Streitfrage bleibt die Dublin-Regelung, wonach das Asylverfahren dort einzuleiten ist, wo der Flüchtling zuerst registriert wurde. Griesbeck räumt eine Reformbedürftigkeit ein, doch so lange es kein besseres System gebe, sei an diesem festzuhalten. So könne es nicht sein, dass wer wirklich Schutz suche, in erster Linie nach den noch besseren sozialen Standards eines anderen Landes schiele.

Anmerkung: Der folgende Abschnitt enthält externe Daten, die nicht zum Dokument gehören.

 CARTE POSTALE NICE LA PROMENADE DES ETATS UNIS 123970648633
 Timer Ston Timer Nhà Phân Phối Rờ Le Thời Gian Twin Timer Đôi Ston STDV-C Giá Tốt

Pflüger plädiert dagegen für die freie Wahl. Er ist überzeugt, dass Flüchtlinge Länder danach aussuchten, ob sie dort schon Freunde oder Verwandte hätten. Dublin sorge nur für einen „Verschiebebahnhof“. Zwar gebe es 40.000 Anträge jedes Jahr in Deutschland, am Ende würden aber nur rund 1.000 abgeschoben: „Auf die käme es dann auch nicht mehr an.“

Bleibt für manche Pfarreien in ihrer christlichen Verantwortung nur noch das Kirchenasyl als Lösung, um etwa einen bereits fleißig Deutsch lernenden Afghanen vor einer Abschiebung nach Ungarn zu bewahren. Meist soll damit nur jene Frist von sechs Monaten überbrückt werden, damit das Asylverfahren hier stattfinden kann. Doch dann komme das BAMF wieder mit anderen Regelungen, weiß eine Pfarrgemeinderatsvorsitzende zu berichten. Da ist selbst Griesbeck überrascht und bietet der Juristin ein persönliches Gespräch an. Vielleicht eröffnet sich dadurch ja eine neue Perspektive für die Zukunft.